-------- Information shown
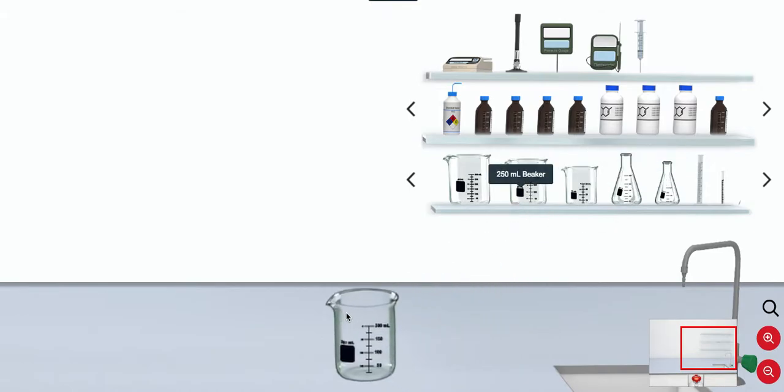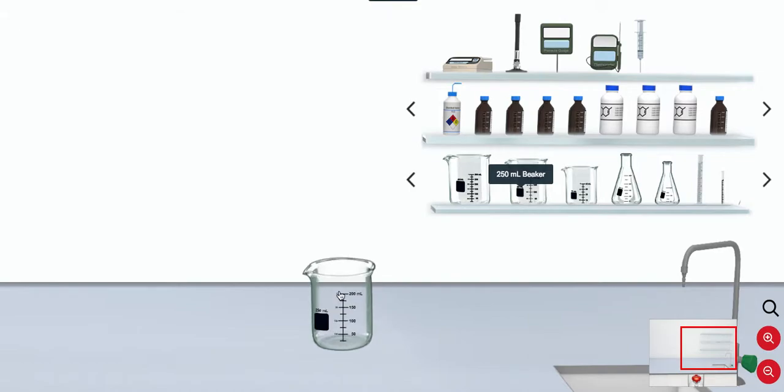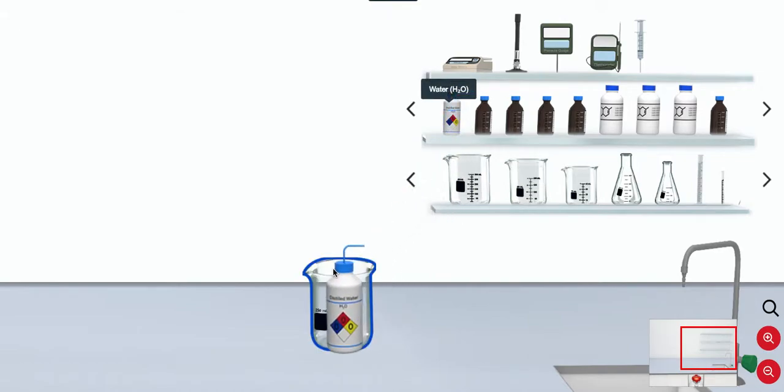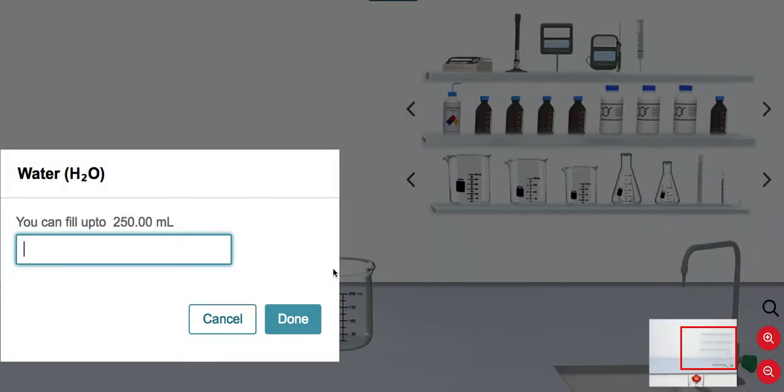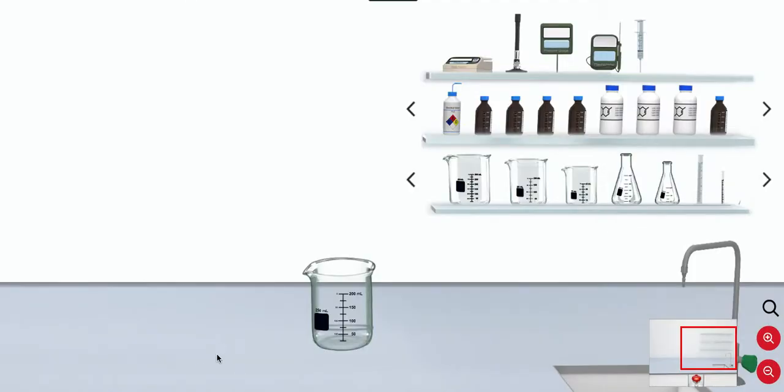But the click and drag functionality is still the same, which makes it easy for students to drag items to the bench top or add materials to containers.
----------------
-------- Information shown
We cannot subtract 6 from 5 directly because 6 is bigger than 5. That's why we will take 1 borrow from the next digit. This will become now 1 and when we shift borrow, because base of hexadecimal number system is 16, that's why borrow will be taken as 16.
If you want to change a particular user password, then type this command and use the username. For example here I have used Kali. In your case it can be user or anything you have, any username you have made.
----------------
◆ **What to do**: Output should match, line for line, the stretch of the material above from the line holding "We cannot subtract" through the line holding "If you want".

◆ **Response below**:
We cannot subtract 6 from 5 directly because 6 is bigger than 5. That's why we will take 1 borrow from the next digit. This will become now 1 and when we shift borrow, because base of hexadecimal number system is 16, that's why borrow will be taken as 16.
If you want to change a particular user password, then type this command and use the username. For example here I have used Kali. In your case it can be user or anything you have, any username you have made.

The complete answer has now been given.